> _Material for this task_
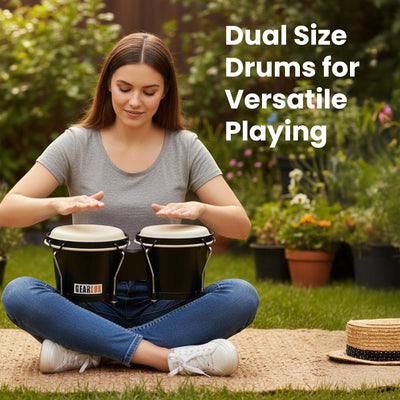 Gearlux Tunable Bongos - Black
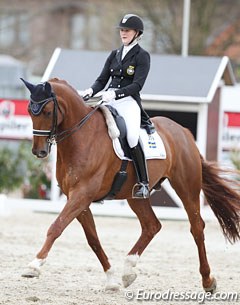 A small Swedish delegation travelled to Belgium to compete: This is Sofie Andersson on CSI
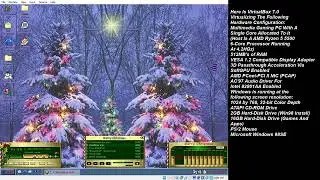 Christmas Mix By Dreamsection (Win98SE, VirtualBox)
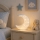 ONLI - Stolná lampa PORCELLANA 1xE14/6W/230V 21 cm mesiac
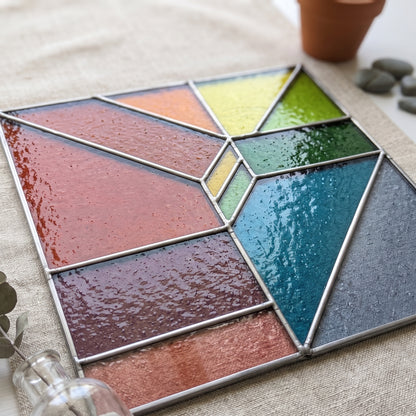 Beginner Geometric Stained Glass Pattern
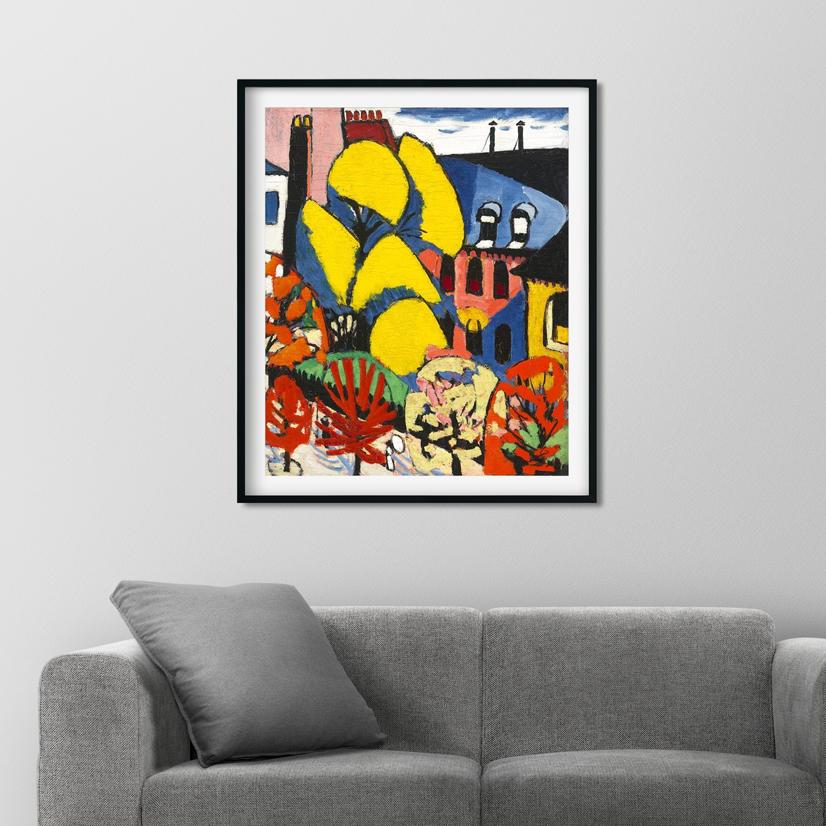 Trees Henry Lyman Saÿen Painting - Meri Deewar 5 : 6 Vertical Premium Wall Art Canvas by MeriDeewar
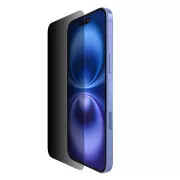 Sticlă de protecție antimicrobiană Belkin SCREENFORCE™ Invisiglass Privacy pentru iPhone 16 Plus / 15 Plus / 14 Pro Max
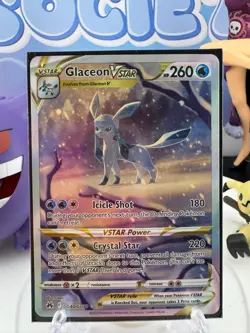 Glaceon VSTAR GG40/GG70 Crown Zenith Galarian FULL ART NM Ultra RARE Pokemon EN - Image 1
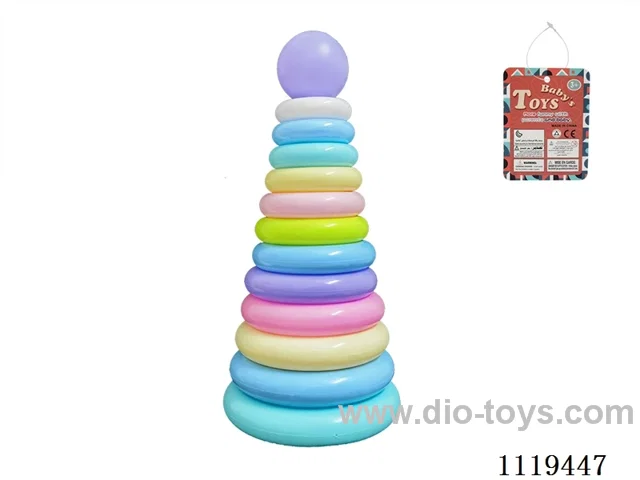 12 layers rainbow ring (ball) macaron color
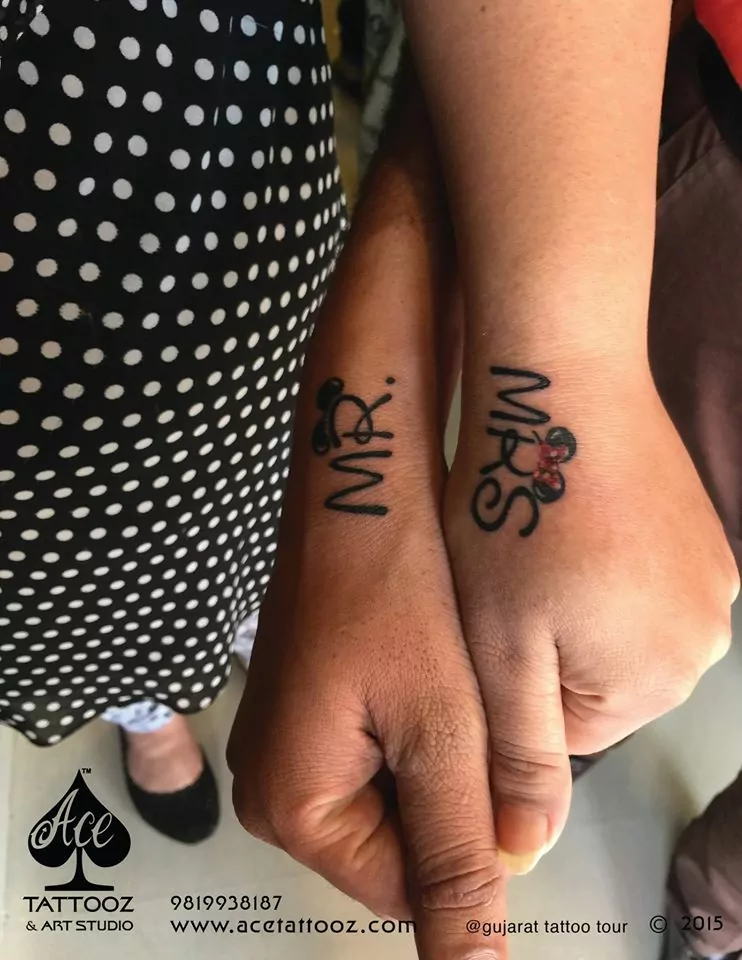 Mr  Mrs Couple Tattoo  Ace Tattooz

> _What to produce_
Copy exactly the lines that run from the line containing "Trees Henry Lyman" to the end of the data above, keeping both end lines and leaving out all pictures.

> _Output below_
 Trees Henry Lyman Saÿen Painting - Meri Deewar 5 : 6 Vertical Premium Wall Art Canvas by MeriDeewar
 Sticlă de protecție antimicrobiană Belkin SCREENFORCE™ Invisiglass Privacy pentru iPhone 16 Plus / 15 Plus / 14 Pro Max
 Glaceon VSTAR GG40/GG70 Crown Zenith Galarian FULL ART NM Ultra RARE Pokemon EN - Image 1
 12 layers rainbow ring (ball) macaron color
 Mr  Mrs Couple Tattoo  Ace Tattooz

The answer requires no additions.